Welches sind die Quellen dieser merkwürdigen Lebensbeschreibung? Manches mag wohl auf erlesene Einflüsse zurückgehen; sicher aber haben wirkliche Erzählungen oder Erlebnisse den Simplicissimus-Dichter Christoph Grimmelshausen, der ja unter Verhältnissen ähnlich denen seines Haupthelden den Krieg und die Kriegszeit erlebte, veranlasst, diese Geschichte niederzuschreiben, die seinen Zeitgenossen ein Spiegel sein sollte, heute aber nur fischartschen Naturen empfohlen werden kann.

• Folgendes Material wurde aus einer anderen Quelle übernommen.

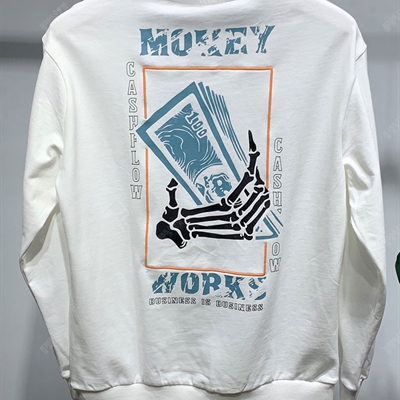 市场上装-卫衣-休闲卫衣【实拍】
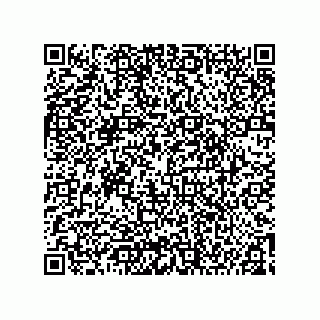vCard 74967908199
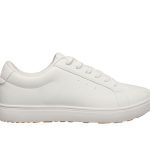 Men's Propet Chad Sneakers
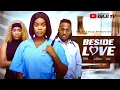 Download Lagu BESIDE LOVE - MICHAEL DAPPA/MIWA OLORUNFEMI/NIGERIAN MOVIES 2025 LATEST MOVIES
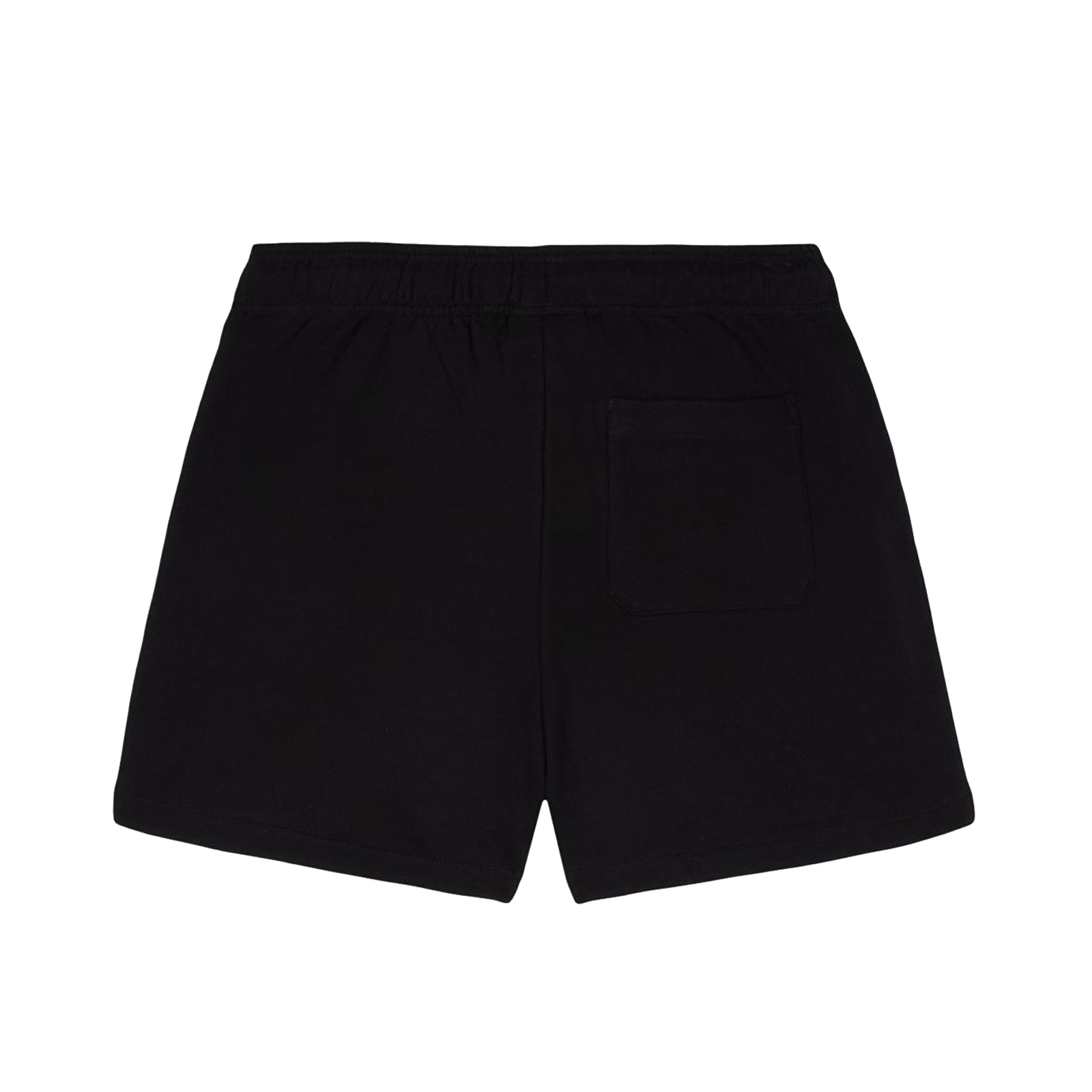 Dickies Mapleton Short W Soddisfazione Garantita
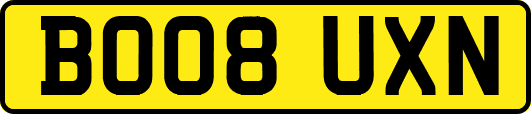 BO08UXN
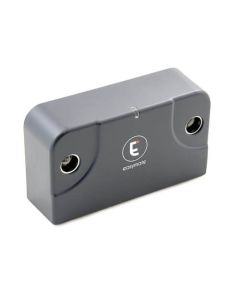 Mur virtuel ultrasonique 2,5 m. longueur compatible Floor 300/400/450 Floor VW1 - Extel - 330001
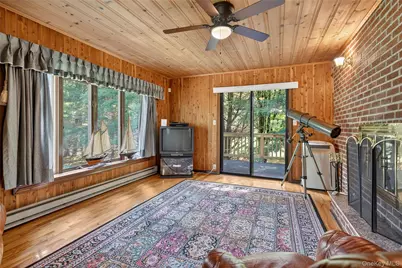 1441 Ulster Heights Road, Ellenville, NY 12428 - Photo 4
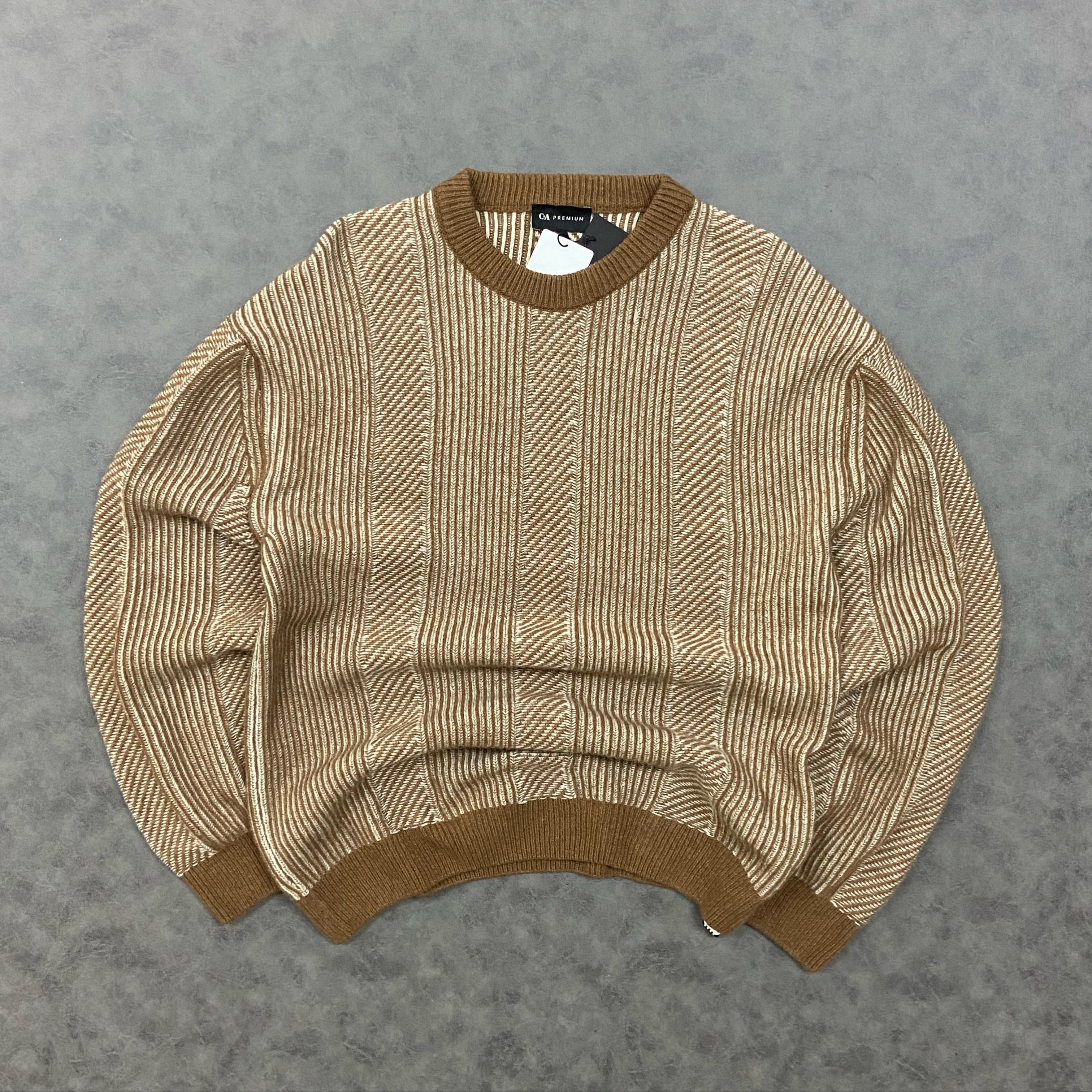 C&A Eropean Sweater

Wie mag der Dichter auf unser böhmerwäldisches Städtlein Prachatitz verfallen sein? Die Form Bragoditz, heut mundartlich Brahaditz, scheint auf Berührung mit deutschböhmischen Landsleuten hinzudeuten. Böhmisches kommt auch sonst bei Grimmelshausen nicht selten vor. Sicher ist der Dichter öfter mit böhmischen Kriegsleuten zusammen gekommen und hat so mancherlei von unserer Heimat erfahren. Warum sollte er nicht auch das Urbild seiner Courage selber kennengelernt haben?